Making an Embroidered Box

I'll tell you a secret. I'm nuts about the 16th - 17th century embroidered boxes (or caskets), and I've always had this deep-down-secret desire to make one. I toy with the idea in my head, when I should be thinking about other things. I contemplate acting on the idea. And then... I never do. If I could do as they did Back in The Day, and send my pieces of embroidery off to the cabinet maker to have him construct a box around it, I suppose the whole idea would be more feasible. Or if someone could come up with a design or a plan for the actual box and I could do the rest, maybe that would work. Construction has never quite been my forte, and getting my head around the construction of a casket with doors and drawers and trays inside it - well. The thought results in immediate inactivity.
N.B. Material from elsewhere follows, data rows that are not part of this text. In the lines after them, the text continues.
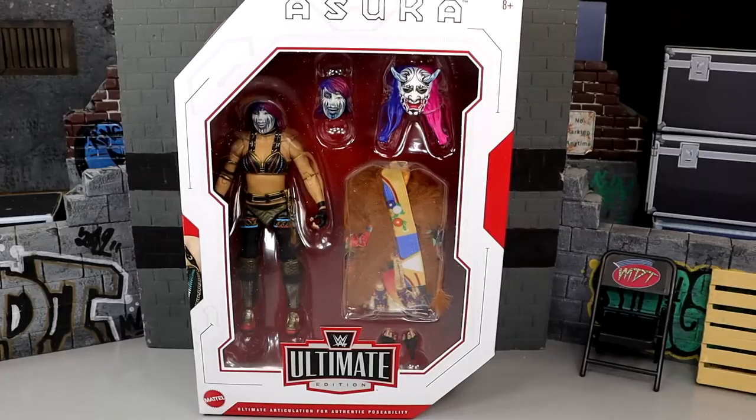What is good everybody, welcome back to another MDToys video. Today we are taking a look at the WWE Ultimate Edition Series 20 Asuka figure. I want to preface this by saying I believe to my core, before I've even unboxed this, I think this will be the best Mattel WWE action figure female that we've ever seen.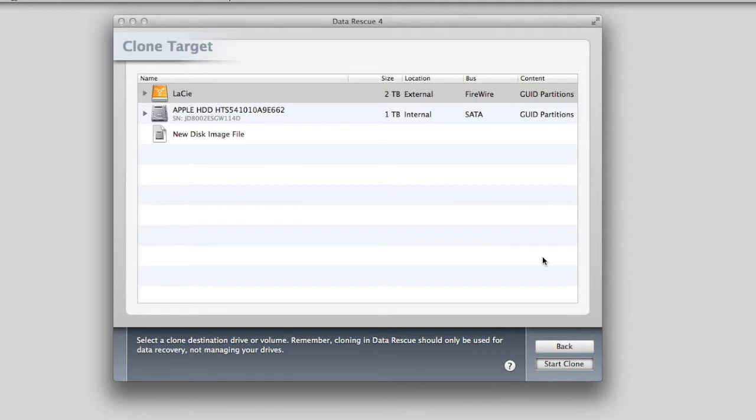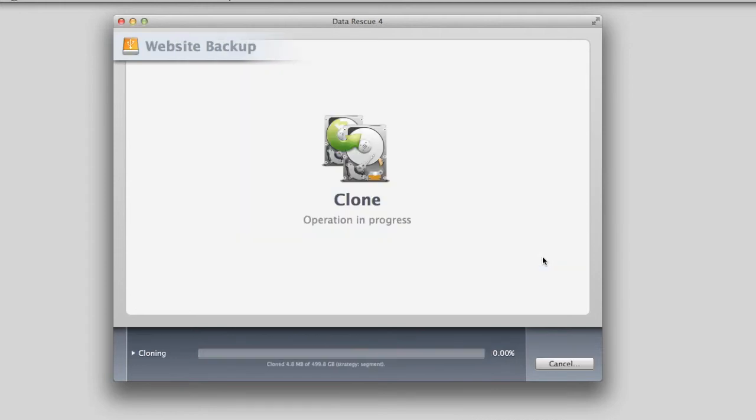Once the clone is complete, go back to Step 1 and 2. Select the drive that you used for cloning. Then select a workspace. You will need another drive for the workspace.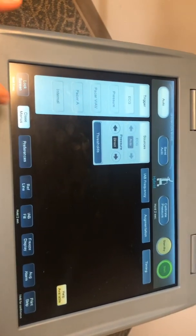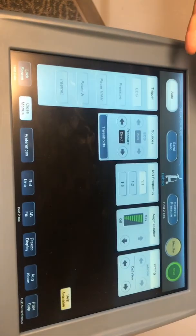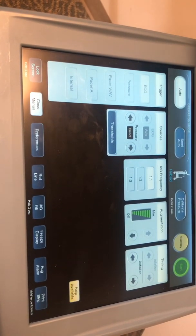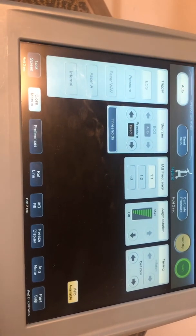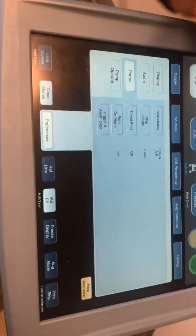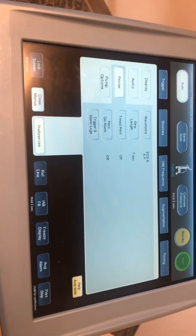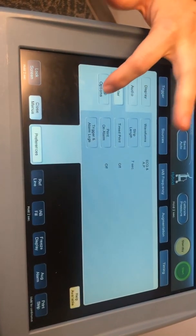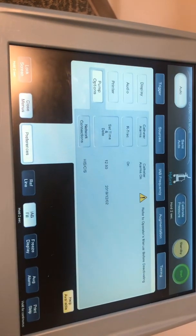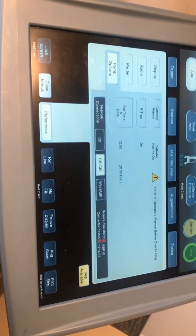You can go through and pick each trigger source, or you can hit open menu and it'll pull them all up so it looks very similar to the balloon pump we're used to. You've got trigger sources, balloon pump frequency, augmentation, and timing. Over here you've got your preferences — you can go into printer if you wanted it to do a timed print every four hours or whatever your unit requires.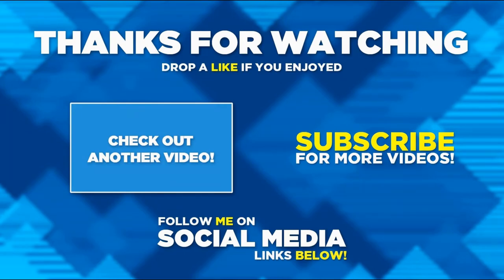Thanks very much for watching this video. I hope you enjoyed it. If you do, please hit the like button and please do consider subscribing if you haven't already, and hit the notification bell.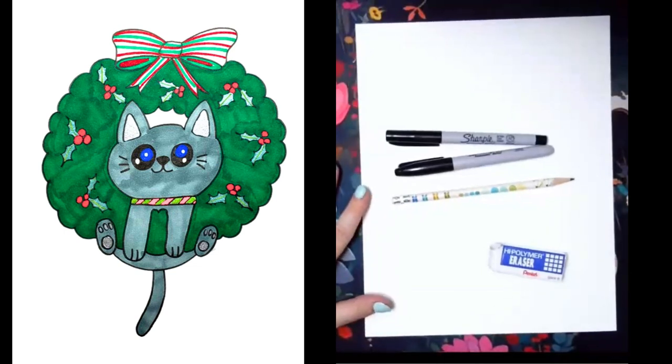Hello creatives! Miss Nikki here from Studio CIA Classes. I hope you're ready to be creative and use that imagination of yours because today I'm going to teach you how to draw a curious Christmas kitten who happens to get himself stuck in the wreath.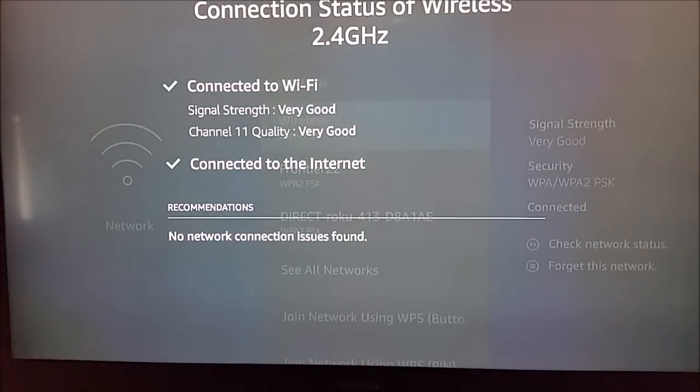It says we are connected to Wi-Fi, meaning we're currently hooked up with our router. If you're not connected, maybe you accidentally unplugged it, or maybe you changed the password recently and haven't typed the new password into your Amazon Fire TV device. For signal strength, if you're not in the good, very good, or excellent range, I recommend getting your router closer to your Amazon Fire TV device.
As I was squizzing about online the other day, though, I came across a tutorial for an embroidered box. It isn't quite the same as the 16th century caskets, but I was thinking it might be a good start for any other embroidered box people out there who have a secret desire to make their own embroidered casket - replete with drawers, removable trays, cubby holes, etc.... This one is just a simple box - four sides and a lid. A good starting place for embroidered box construction, methinks.

Making an Embroidered Box from the V&!  Museum


This lesson for making an embroidered box can be found on the V&A website. The lesson is meant to supplement a textile course with museum research, so it's kind of a neat idea, if you happen to live in the vicinity of a museum with a decent textile display. If you don't, though, and if you just want the nitty-gritty of the construction process, take a look at the PDF that explains how the box goes together.

If you'd like to browse the collections at the V&A for embroidered boxes, you'll want to visit their search page, and type in "Embroidered Caskets" or something to that effect.

What will amaze you is reading the descriptions of some of these embroidered boxes. The box featured in the screen shot above is described thus:
The panels of the casket would have been worked by a young girl, of about the age of 11 or 12, as the culmination of her needlework education, which would have begun with samplers, and the decoration of small objects like pin cushions. She would embroider a series of small panels drawn or printed with pictorial scenes, which would then be sent to a cabinet maker to be made up into a casket, the edges bound with braid. The caskets were fitted with a variety of drawers and compartments, suitable for keeping jewellery, writing equipment and letters, needlework tools, tiny toys or keepsakes. They often had one or two secret drawers, for their young owners' most precious or private possessions; this casket has five, concealed with considerable ingenuity.

If I had worked one of these at age 11 or 12, at the culmination of my needlework education, maybe I'd have this longing to make one out of my system by now!

Enjoy the links, and have a terrific (!) Monday!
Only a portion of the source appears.